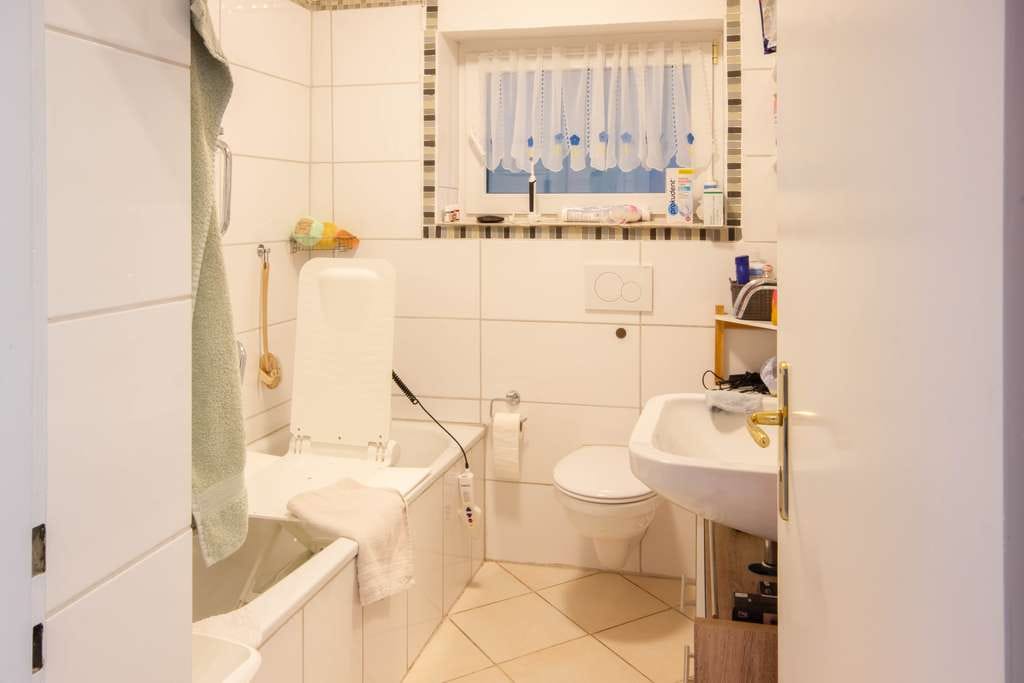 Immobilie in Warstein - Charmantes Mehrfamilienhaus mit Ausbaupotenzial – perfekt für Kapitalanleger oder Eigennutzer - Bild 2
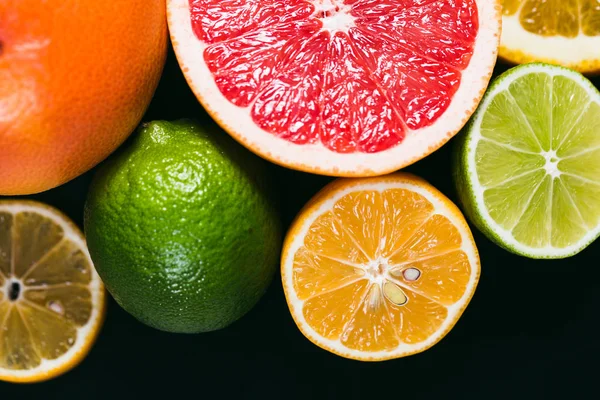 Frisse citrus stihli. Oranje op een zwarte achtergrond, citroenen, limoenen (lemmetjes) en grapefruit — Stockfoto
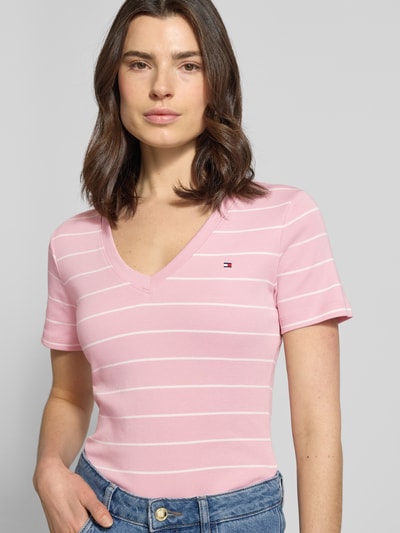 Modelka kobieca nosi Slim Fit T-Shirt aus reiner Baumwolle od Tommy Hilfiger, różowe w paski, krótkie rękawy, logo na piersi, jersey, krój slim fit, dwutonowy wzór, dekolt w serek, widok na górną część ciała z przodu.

──────

- Task directions -
Leave out all pictures and extract exactly the lines from the line with "Frisse citrus stihli." through the end of the material.

- Answer to the problem -
 Frisse citrus stihli. Oranje op een zwarte achtergrond, citroenen, limoenen (lemmetjes) en grapefruit — Stockfoto
 Modelka kobieca nosi Slim Fit T-Shirt aus reiner Baumwolle od Tommy Hilfiger, różowe w paski, krótkie rękawy, logo na piersi, jersey, krój slim fit, dwutonowy wzór, dekolt w serek, widok na górną część ciała z przodu.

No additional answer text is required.